[[ INFORMATION GIVEN open ]]

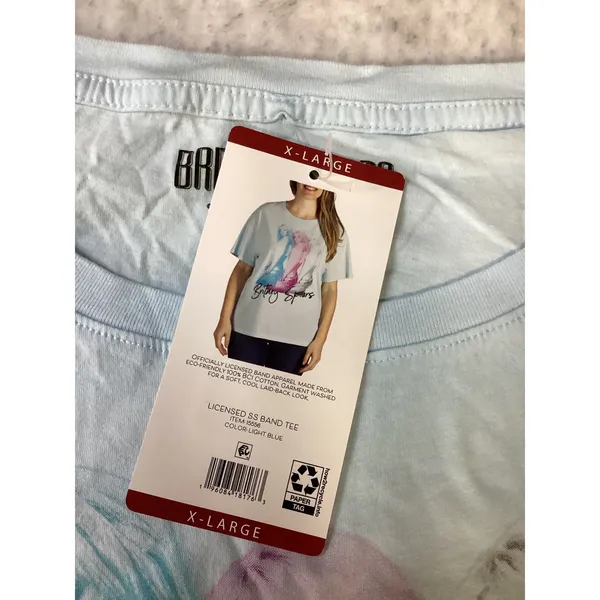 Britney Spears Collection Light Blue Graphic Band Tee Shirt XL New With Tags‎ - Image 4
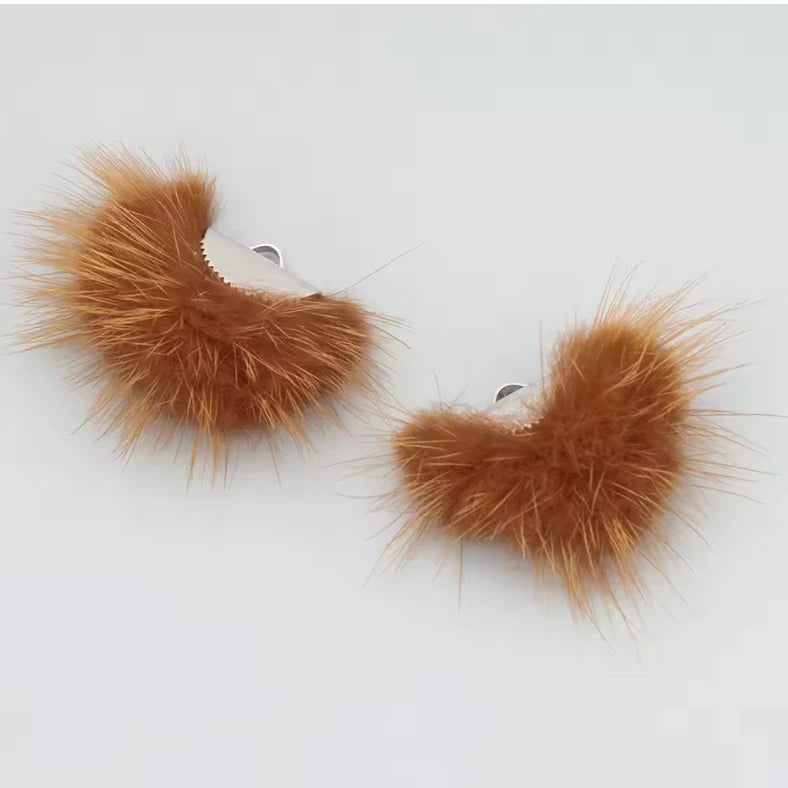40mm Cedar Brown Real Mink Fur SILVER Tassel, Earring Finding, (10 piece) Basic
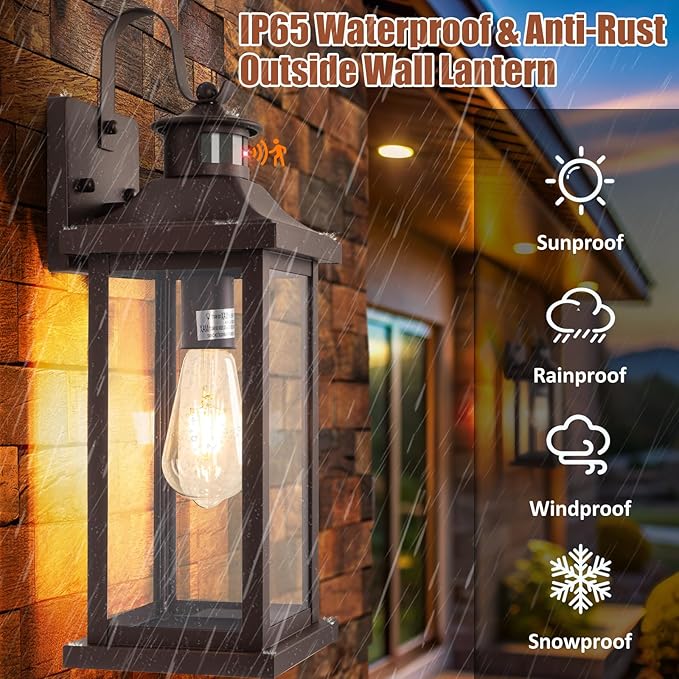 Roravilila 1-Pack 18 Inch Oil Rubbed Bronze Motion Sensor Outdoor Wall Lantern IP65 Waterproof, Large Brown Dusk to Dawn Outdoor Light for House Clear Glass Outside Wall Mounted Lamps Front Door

[[ INFORMATION GIVEN closed ]]
[[ INFORMATION GIVEN open ]]

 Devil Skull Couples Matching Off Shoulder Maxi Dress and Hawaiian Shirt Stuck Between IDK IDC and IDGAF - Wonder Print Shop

[[ INFORMATION GIVEN closed ]]

=== PROBLEM TO SOLVE ===
What belongs in the answer is each line above from the line with "Britney Spears Collection" to the line with "40mm Cedar Brown", inclusive, reproduced exactly and free of pictures.

=== YOUR RESPONSE ===
 Britney Spears Collection Light Blue Graphic Band Tee Shirt XL New With Tags‎ - Image 4
40mm Cedar Brown Real Mink Fur SILVER Tassel, Earring Finding, (10 piece) Basic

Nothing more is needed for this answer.